Last weekend, Anita, who was working out at the Aspen Club & Spa, called Thompson, who asked her to come home so they could work on his weekly ESPN column. She said the two never said goodbye; rather, he placed the receiver beside his typewriter that sat on the kitchen counter, loaded his revolver, and pulled the trigger.
"I was on the phone with him, he set the receiver down and he did it. I heard the clicking of the gun," said the author's widow, adding that the clicking sounded as if he was striking the keys of his typewriter. She heard a loud, muffled noise in the background, but did not know what had happened. "I was waiting for him to get back on the phone." He never did.
Both Anita and Hunter's son Juan say Hunter had planned his death:
In recent months, Thompson, 67, had repeatedly talked of killing himself, she said, and had been issuing directives verbally and in writing of what he wanted done with his body, his unpublished work and his assets.

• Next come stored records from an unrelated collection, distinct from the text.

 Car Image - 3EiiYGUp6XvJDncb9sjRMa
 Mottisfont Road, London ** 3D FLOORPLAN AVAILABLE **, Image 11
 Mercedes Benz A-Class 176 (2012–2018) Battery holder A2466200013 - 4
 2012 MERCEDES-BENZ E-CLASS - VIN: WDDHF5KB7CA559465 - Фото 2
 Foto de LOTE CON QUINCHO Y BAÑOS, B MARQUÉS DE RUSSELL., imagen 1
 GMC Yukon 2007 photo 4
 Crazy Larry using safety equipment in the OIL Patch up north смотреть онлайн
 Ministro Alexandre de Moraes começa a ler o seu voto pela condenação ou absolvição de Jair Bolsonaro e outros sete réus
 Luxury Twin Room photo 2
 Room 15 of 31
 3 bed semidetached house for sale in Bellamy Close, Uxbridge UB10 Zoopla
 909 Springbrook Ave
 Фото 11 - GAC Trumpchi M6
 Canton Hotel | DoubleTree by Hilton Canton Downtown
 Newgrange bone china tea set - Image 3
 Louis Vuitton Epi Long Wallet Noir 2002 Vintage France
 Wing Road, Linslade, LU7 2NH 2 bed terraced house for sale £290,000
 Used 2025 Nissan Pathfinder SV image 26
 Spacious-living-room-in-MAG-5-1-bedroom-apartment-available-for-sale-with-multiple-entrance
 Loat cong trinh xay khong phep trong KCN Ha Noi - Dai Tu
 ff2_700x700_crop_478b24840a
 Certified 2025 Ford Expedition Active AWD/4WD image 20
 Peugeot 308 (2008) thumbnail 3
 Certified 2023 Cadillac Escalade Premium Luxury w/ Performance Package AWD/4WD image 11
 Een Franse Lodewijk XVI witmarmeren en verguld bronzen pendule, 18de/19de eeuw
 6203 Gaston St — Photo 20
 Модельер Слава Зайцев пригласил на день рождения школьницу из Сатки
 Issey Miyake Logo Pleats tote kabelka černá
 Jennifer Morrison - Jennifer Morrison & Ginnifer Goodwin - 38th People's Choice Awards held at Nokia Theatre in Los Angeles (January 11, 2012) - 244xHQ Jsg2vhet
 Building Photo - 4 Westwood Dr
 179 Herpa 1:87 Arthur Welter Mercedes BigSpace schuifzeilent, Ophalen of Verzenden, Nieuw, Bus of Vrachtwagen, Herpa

His suicidal designs put an intense strain on their relationship, she said, but his motives were not rooted in desperation or fear -- he simply felt his time had come.
He wanted to leave on top of his game. I wish I could have been more supportive of his decision. It was a problem for us," said Anita Thompson, who retreated to her parents' house in Fort Collins when the two would quarrel. There, she said, he would fax her love letters.